A simple theory of a gas
Teaching Guidance for 14-16
The atoms or molecules in a gas are widely separated from one another and interact only when they collide. Each one changes its direction of travel only in collisions. This theory of a gas relates macroscopic quantities that we can measure (such as pressure, volume and temperature) to the motion of its molecules. Developed in the nineteenth century, it is called
kinetic theory because the molecules are always in motion.
Suppose the pressure of the gas on the walls is produced by the impact of bombarding molecules. Attach a pressure gauge to the box and read the pressure.
Now suppose that you put more and more molecules into the box until there are twice as many as before. The picture below shows a microscopic demon popping in additional molecules one by one, through a trap door.
When there are twice as many molecules as before, what pressure would you expect? With twice as many molecules to bombard the walls, you might expect double the pressure.
Of course with more molecules, collisions would also happen more often in the middle of the box. But those internal collisions would not affect the bombardment of the walls, for the following reason. Suppose there are two molecules moving in opposite ways, heading for opposite ends of the box, where each will add its contribution to the pressure. If they do not collide, but just pass each other, each will arrive at its target end. If they do collide head-on, they will rebound, elastically. Then each of them takes on the other one’s job and does what the other would have done without a collision.
Therefore, you might expect double the number of molecules to produce double the pressure. Yet all the pressure gauge can notice is a doubling of the local population of molecules, in other words, a doubling of density.
There is another way that you could double the density. Push the end wall of the box in, as a piston, so that the air occupies half the volume. Result: the pressure gauge would show the pressure doubling. So collision theory leads to a prediction: Halving the volume of a gas will double its pressure. Does experiment confirm this is true?
Robert Boyle did an experiment to investigate the relationship between pressure and volume more than three centuries ago.

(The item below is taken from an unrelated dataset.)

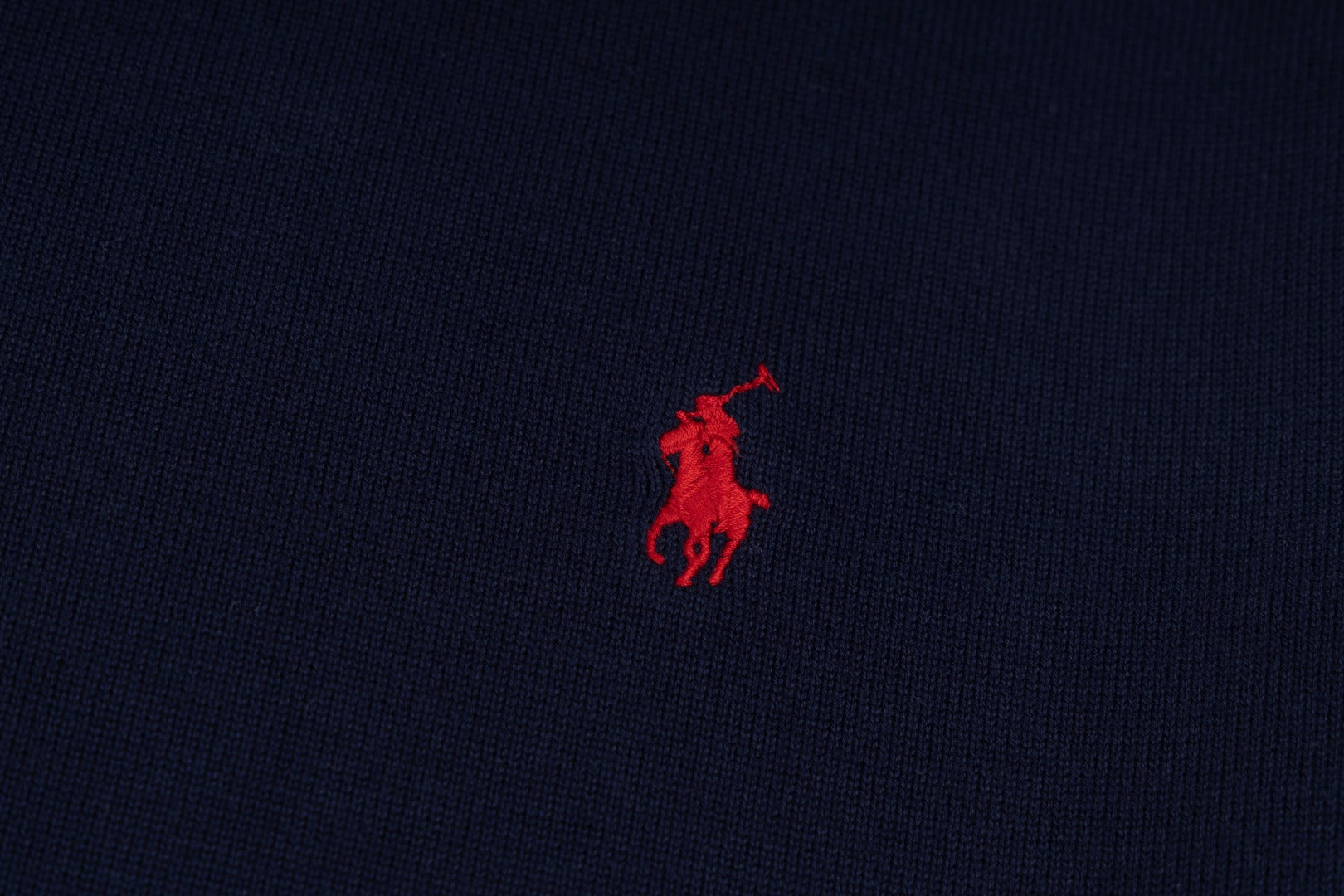 Ralph Lauren Classic Crew Neck Cotton Sweatshirt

He was not testing a theory, but simply taking measurements. In 1661 he announced his result ‘concerning the spring of air’ to the Royal Society. It is now called ‘Boyle’s law’. Provided the temperature is kept constant, the product of gas pressure and volume is constant.
Real gases do not behave in this ideal way. Molecules are not point-like particles, and there are likely to be so many of them in the box that space for movement is reduced. Molecules move a shorter distance to and fro. Bombardments happen a little more often, and the pressure is a little larger than for point-like particles.
Also molecules attract each other when they are fairly close, as surface tension shows. This effect decreases gas pressure when molecules are crowded close together and moving slowly, at low temperatures. Some of the slowest molecules are weeded out and never reach the walls. There is a less dense layer near the walls and that exerts smaller pressure.
In real gases, both of these effects are found at high pressure and small volumes, but they can be distinguished because they change in different ways with temperature. At low temperatures the effects of molecule size remain much the same, but the effects of attraction make themselves felt so strongly that gases can liquefy.